What you should do
The answer is the exact text of every line from the one that contains "Pro-Line Badlands MX57" to the final line of the entries below, with pictures left out.
____ The data
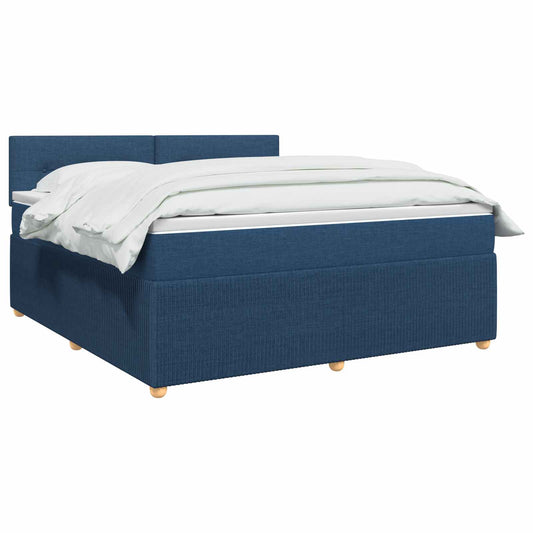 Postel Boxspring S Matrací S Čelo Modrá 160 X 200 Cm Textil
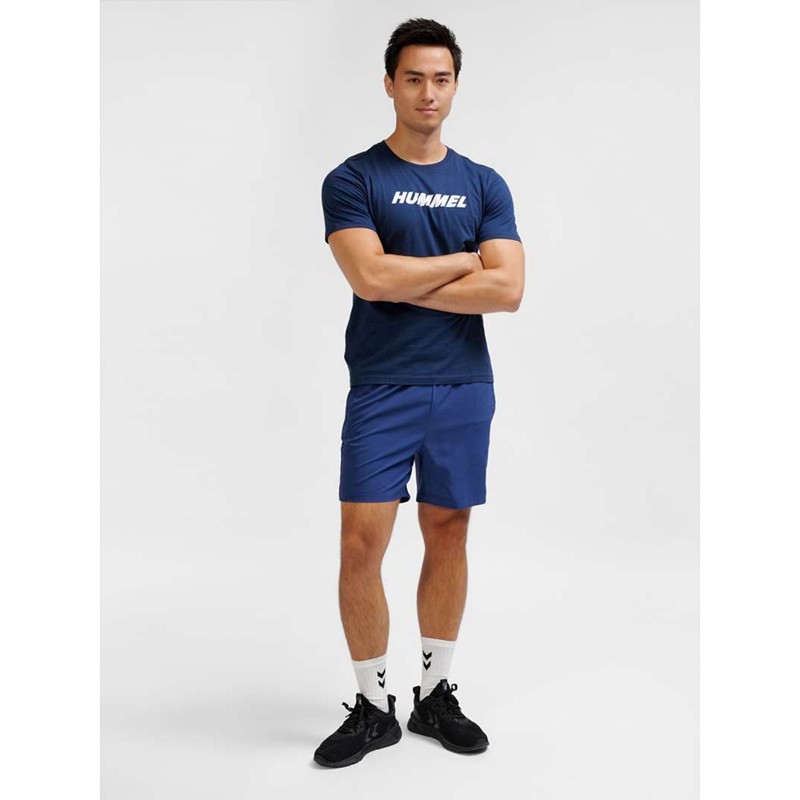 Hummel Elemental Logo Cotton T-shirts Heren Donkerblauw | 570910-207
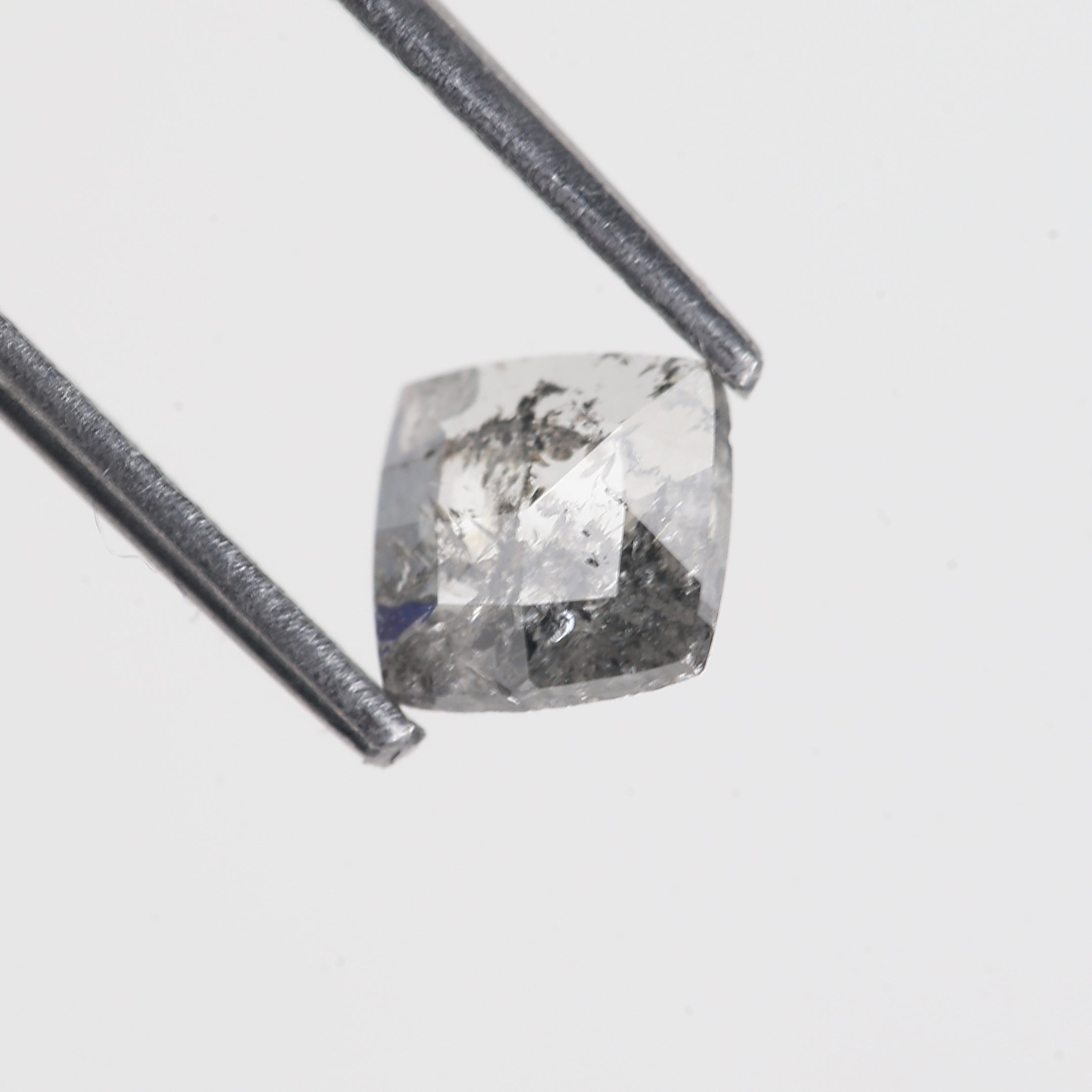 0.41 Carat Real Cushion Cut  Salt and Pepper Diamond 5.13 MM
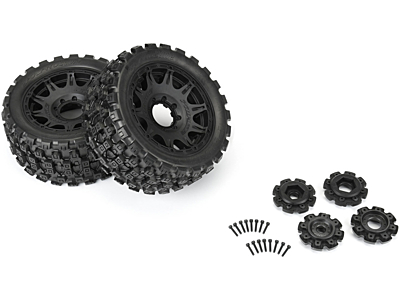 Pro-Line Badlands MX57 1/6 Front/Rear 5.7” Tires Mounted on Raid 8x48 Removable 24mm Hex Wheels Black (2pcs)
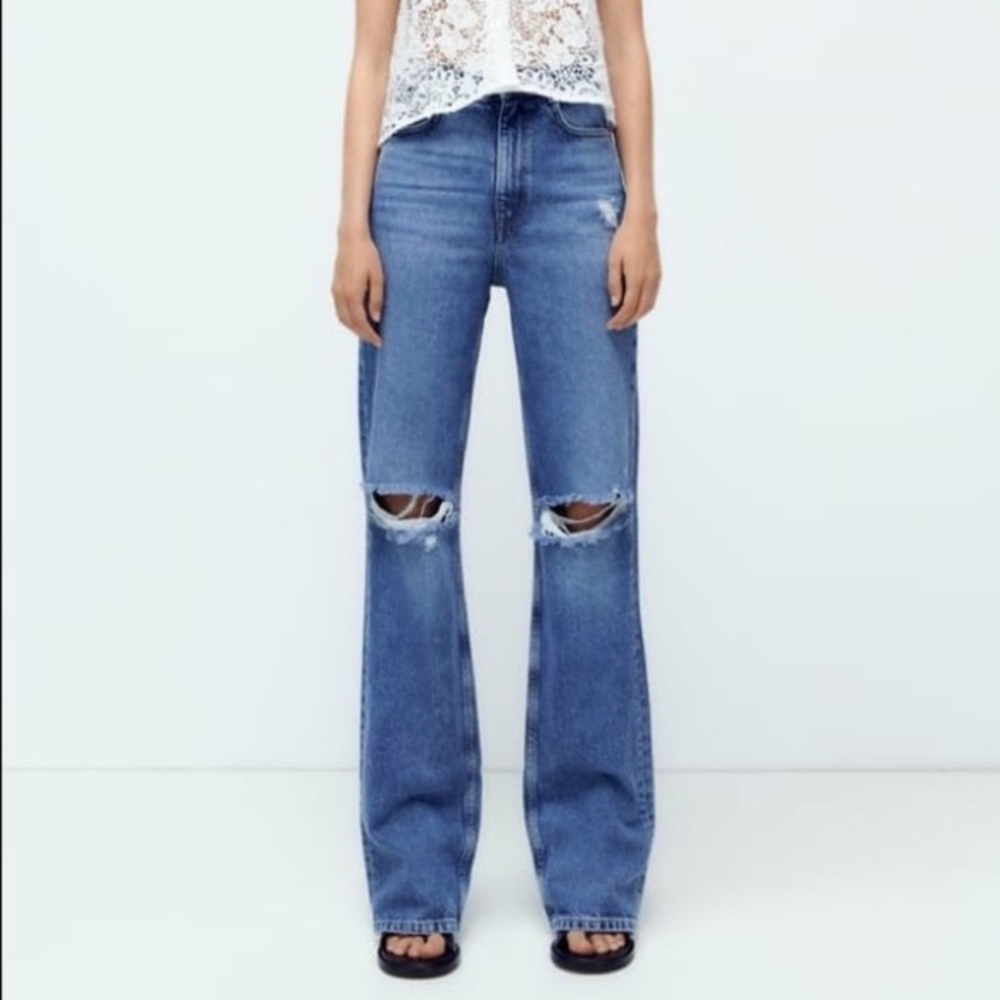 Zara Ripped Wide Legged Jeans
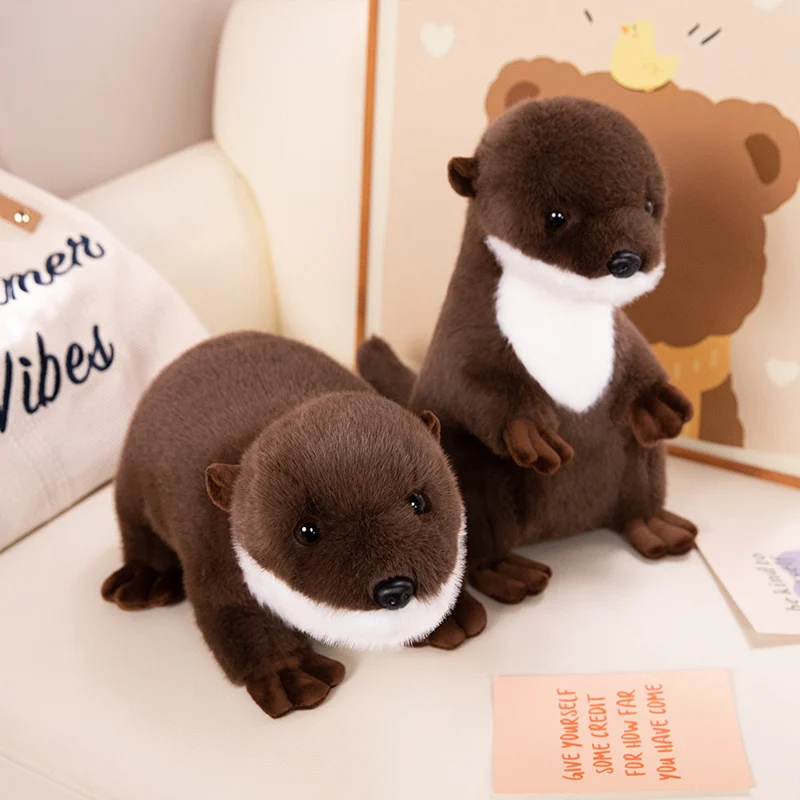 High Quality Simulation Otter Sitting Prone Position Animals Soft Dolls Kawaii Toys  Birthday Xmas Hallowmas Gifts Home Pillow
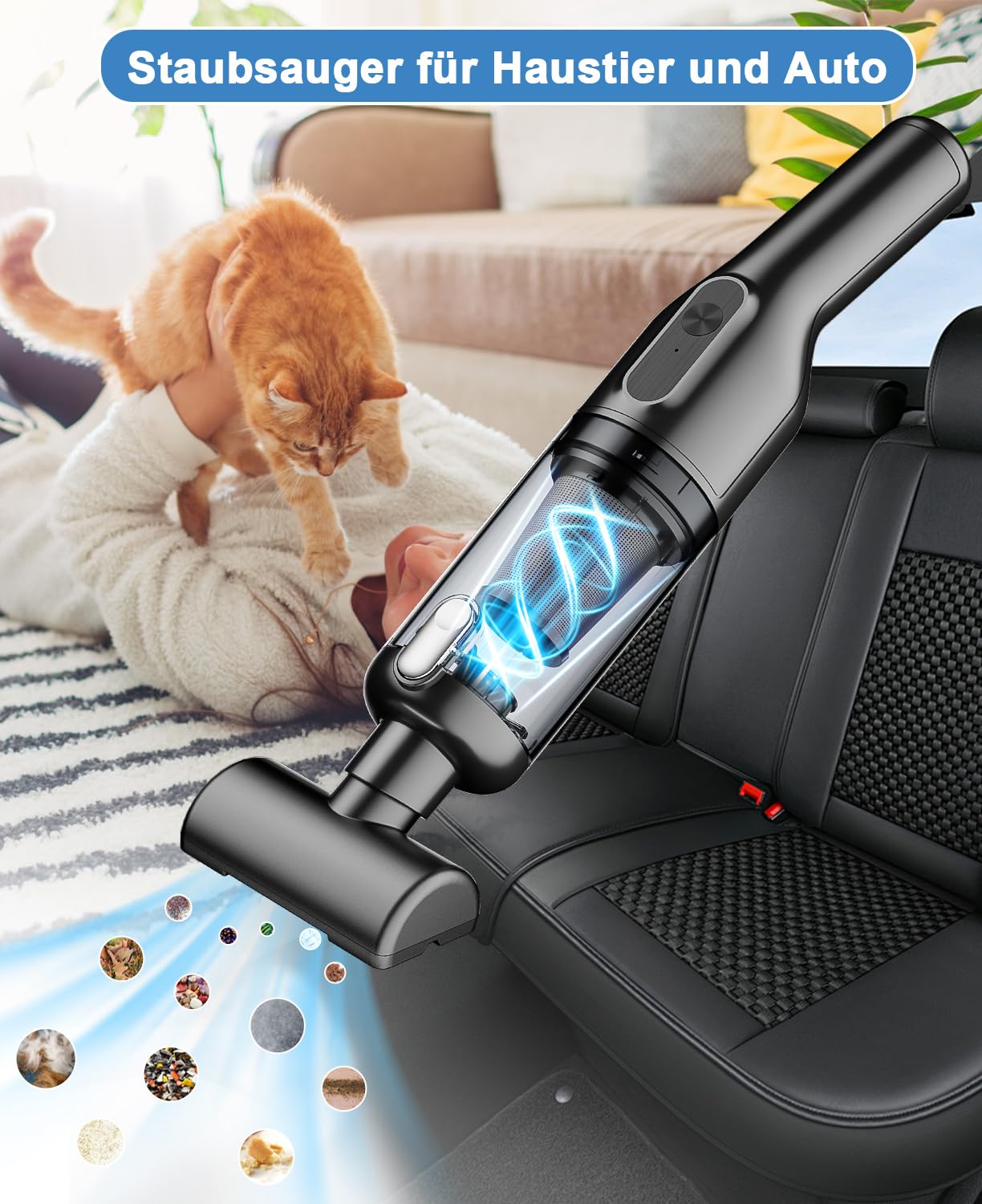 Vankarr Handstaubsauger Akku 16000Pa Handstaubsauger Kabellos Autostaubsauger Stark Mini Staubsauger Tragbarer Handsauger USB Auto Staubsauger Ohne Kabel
________
Result of the exercise
 Pro-Line Badlands MX57 1/6 Front/Rear 5.7” Tires Mounted on Raid 8x48 Removable 24mm Hex Wheels Black (2pcs)
 Zara Ripped Wide Legged Jeans
 High Quality Simulation Otter Sitting Prone Position Animals Soft Dolls Kawaii Toys  Birthday Xmas Hallowmas Gifts Home Pillow
 Vankarr Handstaubsauger Akku 16000Pa Handstaubsauger Kabellos Autostaubsauger Stark Mini Staubsauger Tragbarer Handsauger USB Auto Staubsauger Ohne Kabel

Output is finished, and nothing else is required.